# Math Help - Rotate About y-axis

1. ## Rotate About y-axis

Find volume of solid generated by revolving the region bounded by the graphs of the equations about the indicated lines.

y = sqrt(x), y = 0, x = 4

ABOUT Y-AXIS.

If picture is sideways, please rotate for easy reading.

I got the right answer when rotating about the x-axis (same question). For rotation about the x-axis, my limits were [0,4] and my answer is 8pi.

Am I using the wrong limits for rotation about the y-axis or is my integral set up all wrong? If so, can someone set up the correct integral and explain how you did it. I will do the calculation on my own to find the volume.

2. ## Re: Rotate About y-axis

your limits are fine.

What you have to realise is that the shape created by the integral is not the shape created by rotating the area.

Think about it like this. at y = 0. The radius of the rotated area should be 4. But with the integral we are saying the radius is 0. vice versa.

Therefore we have to calculate the integral and subtract it from a cylinder with radius of 4 and a height of 2.

3. ## Re: Rotate About y-axis

After a second try, I got as the volume (32pi)/5. Is this correct? The textbook answer is (128pi)/5. Now, if I multiply my answer by 4, I get the textbook solution. The question is WHERE DOES 4 COME FROM?

4. ## Re: Rotate About y-axis

read above, you have to take your integral away from a cylinder the volume of the cylinder is 2*(4^2)*pi

5. ## Re: Rotate About y-axis

I sent this question to a retired math teacher who said that my answer is correct.
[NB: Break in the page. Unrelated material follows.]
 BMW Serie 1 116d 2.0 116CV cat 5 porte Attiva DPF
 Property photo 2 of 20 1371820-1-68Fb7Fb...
Now I am really confused.

6. ## Re: Rotate About y-axis

did you read what I said

7. ## Re: Rotate About y-axis

I will work on this some more on my next day off.

8. ## Re: Rotate About y-axis

I need help setting up this integral.

9. ## Re: Rotate About y-axis

The outer radius is 4, and the inner radius is $y^2$, so using the washer method, the integral is:

$\displaystyle \pi \int_0^2\left(4^2-(y^2)^2\right)dy = \pi\left.\left(16y-\dfrac{y^5}{5}\right)\right]_0^2 = \dfrac{128\pi}{5}$